Yes, I have been called that. I can give off a very cold vibe to people who don't know me. It is just the expression of my face when I am withdrawn into my own world, you could say I have the inability to always have a smile on my face when my thoughts are not in such a state. I can be a very warm person though, and people who _know_ me, are aware of that fact.

I do have to add that people who told me this were all people that I didn't get a long with, or where the interaction was just awkward and forced and not at all pleasing.


----------



## SalvinaZerelda

Lol.. Someone on the bus in 8th grade told the rest of the people on the bus that I was going to shoot the people on the bus if they messed with me..

After watching Silence of the Lambs with my xNFP best friends I got sort of worried for a little while. Lol..
I felt like I could relate very well and one of my other friends got a look on his face that made me want to laugh and hide simultaneously.


----------



## Mammon

Yeah. When I shave my head and grow a goatee I'm generally seen as the Russian assassin...

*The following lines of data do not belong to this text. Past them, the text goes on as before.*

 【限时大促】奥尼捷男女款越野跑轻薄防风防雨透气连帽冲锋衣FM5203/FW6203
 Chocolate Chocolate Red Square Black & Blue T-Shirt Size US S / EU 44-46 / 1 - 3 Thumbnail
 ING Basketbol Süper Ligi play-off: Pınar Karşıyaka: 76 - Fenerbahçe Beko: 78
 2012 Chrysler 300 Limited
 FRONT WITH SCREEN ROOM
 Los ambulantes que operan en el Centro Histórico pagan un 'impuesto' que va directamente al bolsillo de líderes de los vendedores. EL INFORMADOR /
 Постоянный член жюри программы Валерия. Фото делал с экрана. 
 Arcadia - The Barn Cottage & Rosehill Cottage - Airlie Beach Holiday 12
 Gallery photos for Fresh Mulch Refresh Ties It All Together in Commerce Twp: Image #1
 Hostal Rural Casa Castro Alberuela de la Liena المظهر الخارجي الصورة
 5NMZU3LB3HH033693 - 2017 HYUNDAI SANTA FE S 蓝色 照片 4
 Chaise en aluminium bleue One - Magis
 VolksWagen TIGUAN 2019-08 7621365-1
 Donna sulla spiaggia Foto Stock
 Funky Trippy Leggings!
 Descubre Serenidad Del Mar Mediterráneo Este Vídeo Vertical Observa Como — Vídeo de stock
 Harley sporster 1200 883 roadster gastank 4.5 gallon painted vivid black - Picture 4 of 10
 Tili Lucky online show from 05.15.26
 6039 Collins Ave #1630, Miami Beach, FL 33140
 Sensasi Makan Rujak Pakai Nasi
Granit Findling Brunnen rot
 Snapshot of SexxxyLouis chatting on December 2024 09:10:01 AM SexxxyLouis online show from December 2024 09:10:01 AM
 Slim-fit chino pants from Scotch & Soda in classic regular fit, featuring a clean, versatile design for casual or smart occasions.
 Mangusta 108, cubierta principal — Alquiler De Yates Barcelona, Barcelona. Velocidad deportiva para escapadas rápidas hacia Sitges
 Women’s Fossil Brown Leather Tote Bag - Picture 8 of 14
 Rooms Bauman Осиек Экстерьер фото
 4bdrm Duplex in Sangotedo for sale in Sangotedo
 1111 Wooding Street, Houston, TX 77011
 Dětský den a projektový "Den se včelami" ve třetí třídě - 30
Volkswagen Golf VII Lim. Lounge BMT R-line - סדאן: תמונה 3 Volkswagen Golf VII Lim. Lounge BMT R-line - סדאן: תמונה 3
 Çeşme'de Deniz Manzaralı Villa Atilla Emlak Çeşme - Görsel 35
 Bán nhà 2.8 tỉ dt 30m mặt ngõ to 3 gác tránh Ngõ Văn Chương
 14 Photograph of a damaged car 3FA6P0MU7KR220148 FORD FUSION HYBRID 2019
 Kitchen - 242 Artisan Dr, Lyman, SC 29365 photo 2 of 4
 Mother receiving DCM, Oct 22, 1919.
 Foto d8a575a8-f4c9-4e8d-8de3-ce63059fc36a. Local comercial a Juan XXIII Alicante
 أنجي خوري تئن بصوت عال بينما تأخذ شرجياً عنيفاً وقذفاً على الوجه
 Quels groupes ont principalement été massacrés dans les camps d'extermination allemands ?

It has it's good sides I geuss


----------



## ChaosEqualsFun

Rather then being considered a straight out serial killer...people see me more as the "friendly neighbourhood sadistic megalomaniac". They always follow this up by saying "who would never hurt a friend". My best friend on the other hand is widely considered to be a ticking time bomb just waiting to be sparked.


----------



## MirrorSmile

My friends thought this once when I was the only one in the whole class who was able to answer some riddle where, apparently, a lot of serial killers got it right. It was about the girl who fell in love with the stranger who went to her mother's funeral, but she wasn't able to contact him afterwards. Then a week later (or was it a year later?) her sister died. The question was why the sister died. Or something like that. I thought the answer was pretty straightforward, but apparently it wasn't to my classmates back then. It didn't help that I answered it without even thinking, without missing a beat. They found that interesting.

Generally, they're scared of me for an entirely different reason. They haven't seen me angry yet, and they are afraid to ever see me angry. Very little ticks me off the wrong way.



strayfire said:


> I can kill people without any moral consequences.
> 
> In theory I can.
> 
> In practice, I'd have a mental breakdown.


Pretty much. The physical act of actually killing someone is simple and easy. Psychologically and mentally, now that's a different story.


----------



## KateMarie999

Once when I was in 4th grade, my teacher was convinced I was going to bring a gun to school and kill everyone. I'm not sure where she got that idea. I didn't like her much anyway, she was a strong ESTJ and I had lots of trouble focusing and she got a bit nasty if I wasn't constantly on track. Of course I was going to be foul tempered. But it resulted in parent teacher conferences and I had to go see the school counselor.


----------



## RetroVortex

In ID photos I always look like a Psychopath.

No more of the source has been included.